The twelve animals are only half the story
Most people know the twelve Chinese animals: Rat, Ox, Tiger, Rabbit, Dragon, Snake, Horse, Goat, Monkey, Rooster, Dog, Pig. They cycle one per year. But that’s only one of two cycles running at the same time. The other is the cycle of five elements, and the combination of the two is what makes your full Chinese astrological sign distinct.
The five elements
Where Western astrology uses four elements (Fire, Earth, Air, Water), Chinese astrology uses five: Wood, Fire, Earth, Metal, Water. Each element runs for two consecutive years before the next takes over (one yang year, one yin year, of which more below). Each element brings its own flavour to whichever animal it’s paired with.

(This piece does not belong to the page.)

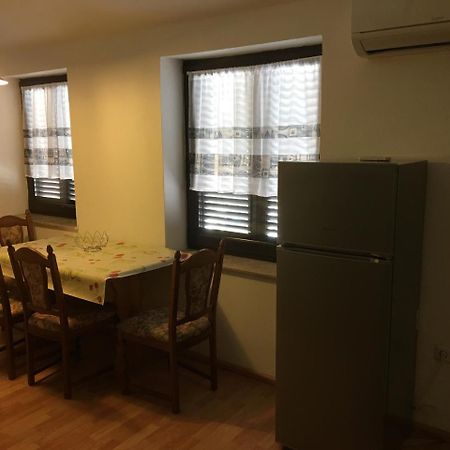 Ara-Aradi Appartement Baška Buitenkant foto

Wood is growth, flexibility, beginning, springtime. Fire is passion, action, summer. Earth is stability, nourishment, the centre. Metal is structure, clarity, harvest. Water is depth, intuition, winter.
How twelve and five combine into sixty
Twelve animals × five elements = sixty unique animal-and-element combinations. Each combination occurs once every sixty years. The current Year of the Horse (2026) is a Fire Horse year. The previous Fire Horse year was 1966; the next will be 2086. This sixty-year cycle is called the sexagenary cycle and it’s the heart of traditional Chinese astrology.

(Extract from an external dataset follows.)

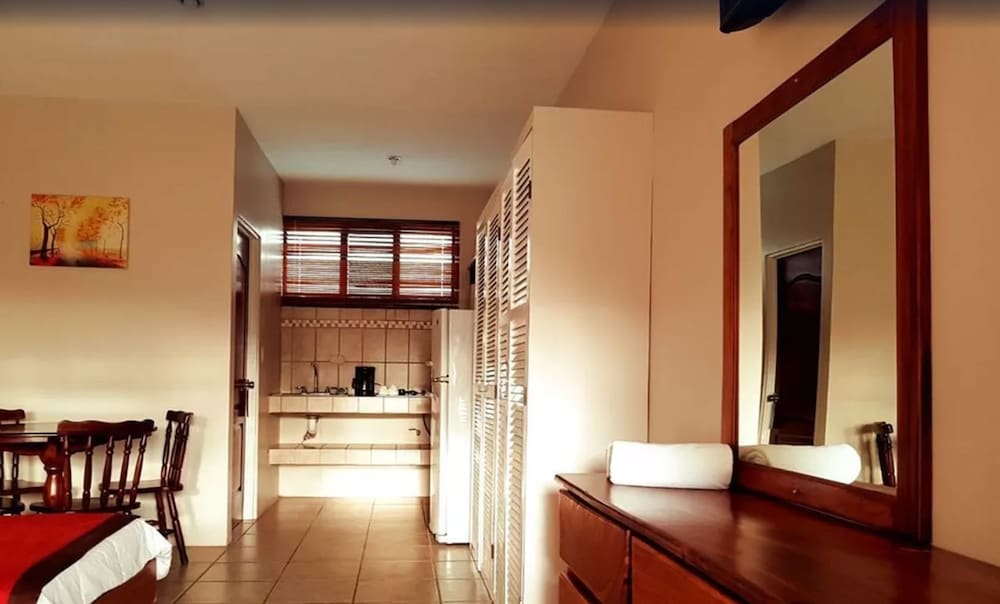 Hotel And Villas Huetares 49/50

Yin and yang: the extra layer
Each year is also either yin (receptive, inward) or yang (active, outward). Every other year flips between them, so within each two-year span of an element, one year is yang and one is yin. This adds another refinement to your sign: a Wood Tiger is different from a Wood Rabbit, and a yang Wood Tiger is different from a yin Wood Tiger.
What your full sign actually says
Your full traditional Chinese sign isn’t just “Tiger” or “Horse”; it’s “Yang Metal Tiger” or “Yin Water Horse”. The animal gives you the personality archetype, the element flavours it (Metal Tigers are more disciplined, Water Tigers more intuitive), and yin/yang flavours it again (more receptive or more expressive). Reading all three layers gives a picture far richer than the animal alone.
Finding your full Chinese sign
Use the year calculator on the Chinese horoscopes page to find your animal, then look up which element ruled that year. For 1994, for example, the answer is a Yang Wood Dog. The full sign reading goes deeper than the animal-only reading, and it’s how traditional Chinese astrology has been practised for thousands of years.